__Try it__:
Only the stretch of the listing below that runs from the line with "THE SISSY BLOUSE" through the line with "BTW Revealed –" is to be printed, exactly and with both ends.

__Data extracts__:

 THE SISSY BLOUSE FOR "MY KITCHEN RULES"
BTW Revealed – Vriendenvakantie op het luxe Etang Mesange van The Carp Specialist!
==
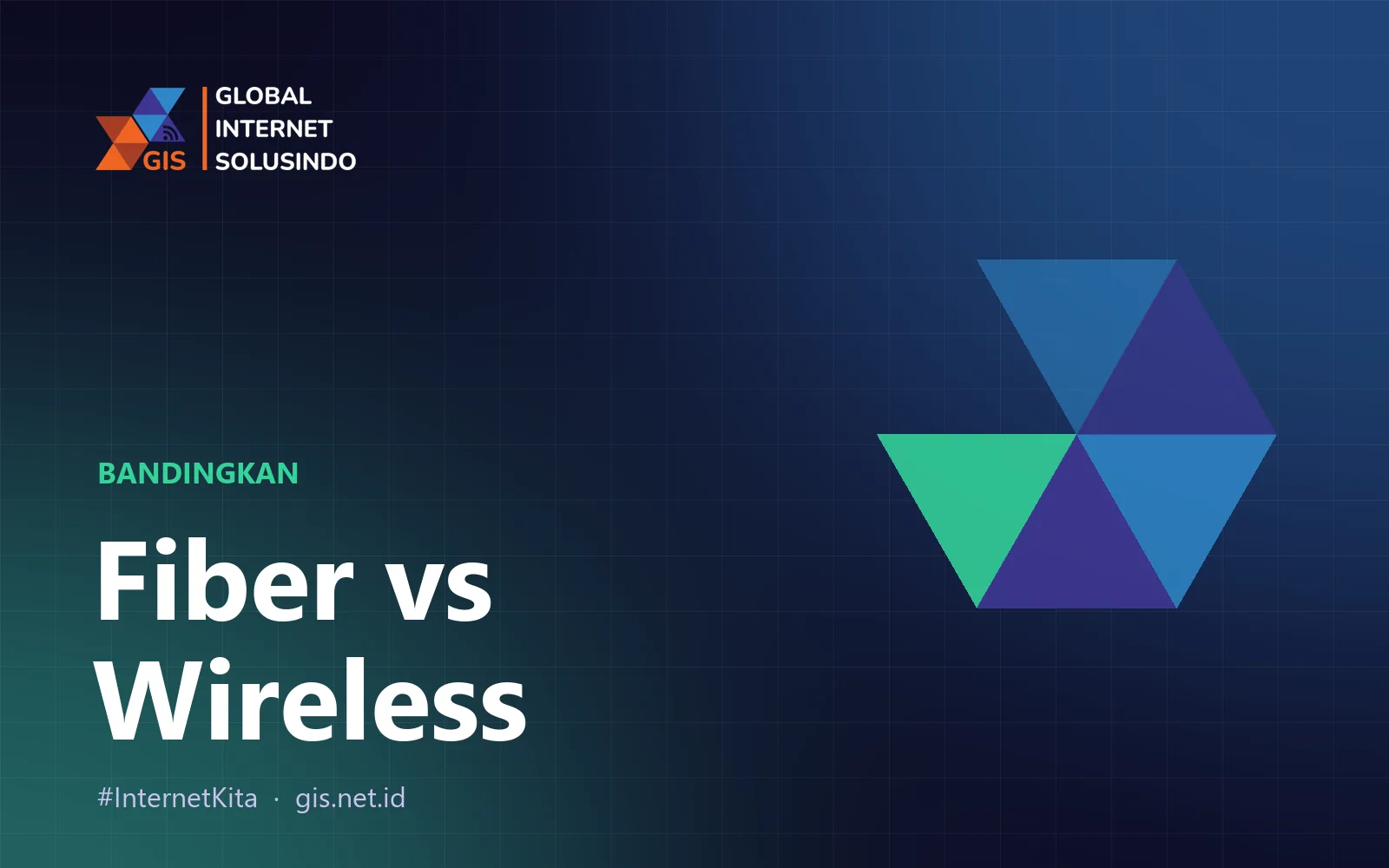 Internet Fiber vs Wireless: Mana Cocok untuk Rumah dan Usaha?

__Output of the task__:
 THE SISSY BLOUSE FOR "MY KITCHEN RULES"
BTW Revealed – Vriendenvakantie op het luxe Etang Mesange van The Carp Specialist!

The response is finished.